Hoy, los nuevos paradigmas de consumo empujan a los creadores de tendencias hacia una especie de moda de la granja a la mesa. Pero cuanto más tiempo se pasa en internet, más se empieza a percibir una persistente ironía: la “calidad” podría estar en el ojo del que mira. ¿Cómo juzgar el calibre de una bufanda de mohair al 100 por ciento de una marca que ha enfrentado repetidas acusaciones de abusos sistemáticos a los trabajadores? ¿O un jersey en cuya etiqueta figura el nombre del tejedor, pero que es excesivamente costoso?
Aun así, muchísima gente se gana la vida intentando vendernos cosas. Y queremos comprar, o al menos yo quiero. Para el comprador consciente, la “calidad” se convierte en una nueva estructura de permisos para calmar nuestras almas adictas a las compras, uniéndose a las filas de las empresas propiedad de mujeres, de fabricación estadounidense, de pequeños lotes y de comercio justo. Comprar innumerables prendas de ropa es, a primera vista, esencialmente indefendible, pero comprar algo de “alta calidad” es virtuoso, noble, ético. Es una “inversión”. No siempre fue así el que las marcas presumieran de los orígenes fabriles de sus botones, pero a medida que los consumidores navegamos por la avalancha de cosas que podemos comprar, la calidad se ha convertido en la última herramienta de mercadeo para instruirnos sobre lo que debemos comprar.

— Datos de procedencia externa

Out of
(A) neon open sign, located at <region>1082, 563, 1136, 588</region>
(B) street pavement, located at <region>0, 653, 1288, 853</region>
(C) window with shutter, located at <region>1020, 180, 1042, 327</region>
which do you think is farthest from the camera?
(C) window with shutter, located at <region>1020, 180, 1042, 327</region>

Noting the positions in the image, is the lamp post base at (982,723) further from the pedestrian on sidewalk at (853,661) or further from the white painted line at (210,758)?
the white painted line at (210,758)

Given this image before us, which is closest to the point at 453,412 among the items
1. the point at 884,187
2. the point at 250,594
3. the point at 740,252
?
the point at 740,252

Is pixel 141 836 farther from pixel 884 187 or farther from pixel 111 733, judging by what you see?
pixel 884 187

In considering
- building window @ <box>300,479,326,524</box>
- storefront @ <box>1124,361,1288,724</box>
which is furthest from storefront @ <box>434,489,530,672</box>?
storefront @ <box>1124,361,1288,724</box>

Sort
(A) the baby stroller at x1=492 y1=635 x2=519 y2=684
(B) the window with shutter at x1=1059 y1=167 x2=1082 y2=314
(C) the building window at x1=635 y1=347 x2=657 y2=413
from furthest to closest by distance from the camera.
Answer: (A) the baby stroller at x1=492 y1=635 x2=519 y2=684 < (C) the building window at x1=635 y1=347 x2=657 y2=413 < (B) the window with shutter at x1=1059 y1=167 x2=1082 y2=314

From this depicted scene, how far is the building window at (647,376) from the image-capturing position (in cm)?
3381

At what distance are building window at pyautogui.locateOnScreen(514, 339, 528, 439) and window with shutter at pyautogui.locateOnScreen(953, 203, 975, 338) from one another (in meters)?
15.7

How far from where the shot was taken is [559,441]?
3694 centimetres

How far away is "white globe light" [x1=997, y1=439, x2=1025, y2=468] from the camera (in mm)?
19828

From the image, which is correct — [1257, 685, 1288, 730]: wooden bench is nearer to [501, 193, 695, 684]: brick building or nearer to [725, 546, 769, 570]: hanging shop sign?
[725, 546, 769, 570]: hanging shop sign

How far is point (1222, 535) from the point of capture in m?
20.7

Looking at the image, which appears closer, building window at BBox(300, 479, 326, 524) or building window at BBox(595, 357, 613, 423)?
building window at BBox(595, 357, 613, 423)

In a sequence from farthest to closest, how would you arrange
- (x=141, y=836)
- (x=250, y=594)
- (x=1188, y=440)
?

Con la ropa, como con los alimentos, los principios subyacentes de sostenibilidad y lentitud son esencialmente intachables. Todos merecemos cosas que duren y que nos nutran. Aun así, ahora que nos adentramos en la bacanal anual de compras navideñas, conviene recordar que las comparaciones con la comida solo nos llevan hasta cierto punto. Técnicamente hablando, a diferencia de lo que ocurre con la comida, no necesito ese pantalón perfectamente holgado para vivir. No necesito ese pantalón de lana perfectamente holgado en un precioso gris acerado de la marca indie de comercio electrónico que tiene un simpático fundador para seguir viva, por mucho que lo parezca, por mucho que llene el agujero de mi armario que también podría ser un agujero en mi corazón. ¿Verdad?
Isabel Cristo escribe sobre género y estilo. Es verificadora de hechos en la revista New York.